December 6, 2017 | View PDF

A new MSU-developed hard red spring wheat has been named in honor of Susan Lanning, who worked for nearly 30 years as a research associate in MSU's spring wheat breeding program. (Contributed Photo)

A new Montana State University-developed spring wheat that's already attracting attention because of its potential for excellent yields and superior bread-making qualities is making its way through the pipeline toward Montana growers.

Lanning hard red spring wheat was increased from breeder seed to foundation seed this season and farmers are already requesting it, said Doug Holen, manager of the MSU Foundation Seed Program.

Holen explained that breeder seed is the initial source of the new variety grown by the plant breeder and deemed pure and true to the variety description, while foundation seed is derived from planting and harvesting breeder seed after it passes field inspection and seed purity certification.

Lanning has higher grain protein and stronger gluten than Vida, the most widely grown spring wheat in Montana from 2010 to 2015. It is a hollow-stemmed wheat and has a grain yield that's equivalent to Vida, according to the Journal of Plant Registrations.

MSU wheat breeder Luther Talbert said the new spring wheat combines the best traits of two varieties known as Glenn and MT0747. Glenn has "very, very high-end use quality. Flour made from Glenn makes really good bread," Talbert said. He added that the leaves of MT0747 stay green for an extended period after heading. That means that growth continues and yields increase.

"The big issue of growing spring wheat in Montana is it gets hot and dry," Talbert said. "For traditional varieties, that shuts down photosynthesis." Lanning's longer growing season can mean larger profits for growers.

The Montana Agricultural Experiment Station released Lanning in 2016, but it takes a year to increase the initial 18 bushels of breeder seed to foundation seed, after which it is then available to seed houses to produce registered and certified classes available to the general farming community. Holen said the goal of the MSU Foundation Seed Program is to keep seed genetically intact so that when farmers grow it, it exactly represents what the breeder intended it to be.

Developing new varieties builds upon decades of work and involves a large team of people. Talbert, who is "quite optimistic" about Lanning, said it was named after Susan Lanning, a longtime team member who retired after making significant contributions to wheat improvement at MSU. Lanning worked for 29 years as a research associate with the MSU spring wheat breeding program.
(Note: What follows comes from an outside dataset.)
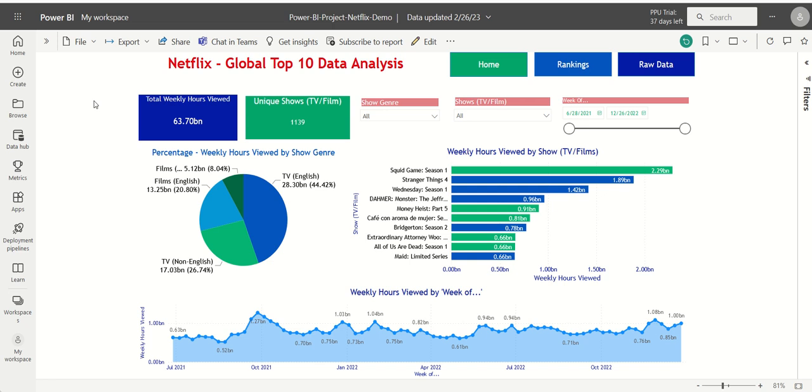A home page with visualizations such as a pie chart, bar chart, and line area chart.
"I managed the breeding program for most years under Dr. Talbert," Lanning said. "Our primary goal was to develop and release improved spring wheat varieties to Montana wheat producers." Lanning also assisted in conducting genetic experiments designed for graduate student theses and scientific papers.

Lanning explained that the research work involved initiating breeding primarily in the greenhouse, then testing the progeny lines in the field. Early generations were tested at the MSU Post Agronomy Farm west of Bozeman. Selected and advanced lines were then also tested at the research centers across Montana. After 10 to 12 years, a promising line may then be released as a new variety. She said "thousands and thousands" of wheat lines are tested and only one or two promising lines make it to variety status every few years.

Lanning said she is "very honored and grateful" to have a wheat named after her, adding that she could not have been successful in developing varieties without the assistance and cooperation of others including Talbert, fellow co-workers, MSU's Department of Plant Sciences and Plant Pathology, Montana Agricultural Research Center personnel, graduate and undergraduate students, the Montana Wheat and Barley Committee, private breeding companies, regional cooperators and many others.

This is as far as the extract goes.